Rasa lapar membuat kami sejenak berhenti bicara, kami bicara dengan pikiran masing-masing, sambil mengunyah makanan lezat yang khusus disajikan untuk para alumni. Akupun bertekat untuk mulai kembali menata hidupku di usia yang tak lagi muda, dalam hati kubertanya, aku sih siapa? Apa gunanya aku berteman dengan laptop dan HP setiap hari?, menulis kisah cinta dua sejoli yang tak lagi mesra? atau menjadi berlagak kembali muda dengan banyak menulis comen di group wa yang arah bicaranya tidak puguh karuan? aaah tiada guna.
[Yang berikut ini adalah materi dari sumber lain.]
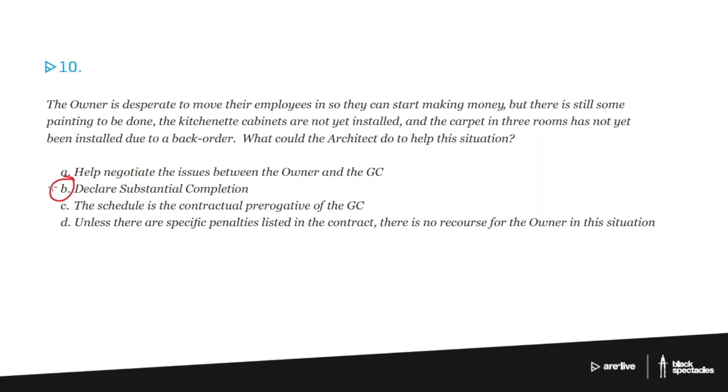At substantial completion, all this paperwork stuff starts to shift. Your role as the architect is to say, 'there are no code-related issues in our way, so we can go ahead.' If you do it too early, you're cheating the owner out of warranty time and having them pay the contractor's electric bills. Do it too late and the owner isn't generating economic activity and they're losing money. So it's a nuanced decision about when that moment should happen.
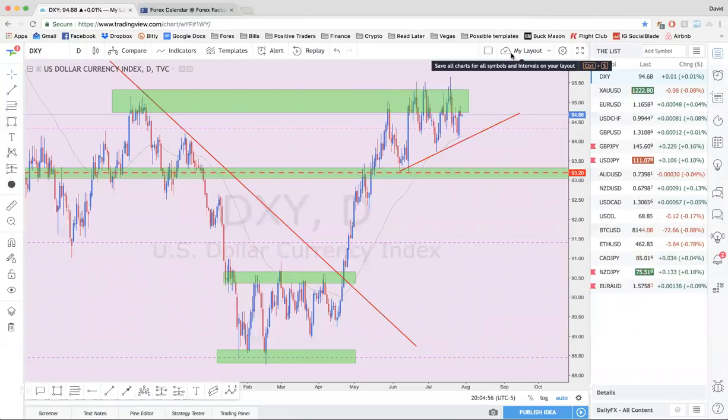Alright guys, let's go ahead and get started. Welcome to our weekly outlook. Thank you guys so much for being here today. Today is July 29th — our very last week of July. We've had an incredible month, a lot of growth on our accounts this month — somewhere right around 15% if we check out the statistics in MyFX Book.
Aku harus bangkit, untuk menata hidupku kembali di usiaku yang mulai senja ini.
Ku buka kembali lembaran nasehat guru-guruku, dalam buku alam pikiranku. aku ingat sebuah nasehat , saat dulu aku belajar salah satu buku, “Lihatlah lawan bicaramu, dan bicaralah dengan gaya bahasanya,” Agar ucapanmu bermanfaat dan menarik minat mereka. Kamu mau berdawah, mau berjualan, mau apapun, sampaikan pesan dengan gaya bahasa orang yang kau ajak bicara.”
Ku buang pikiranku yang selalu berkata, “ buat apa menulis, jika pesan yang kau sampaikan tak ada yang membaca.” Pikiran itulah yang selama ini membuatku malas dan berhenti untuk terus menulis.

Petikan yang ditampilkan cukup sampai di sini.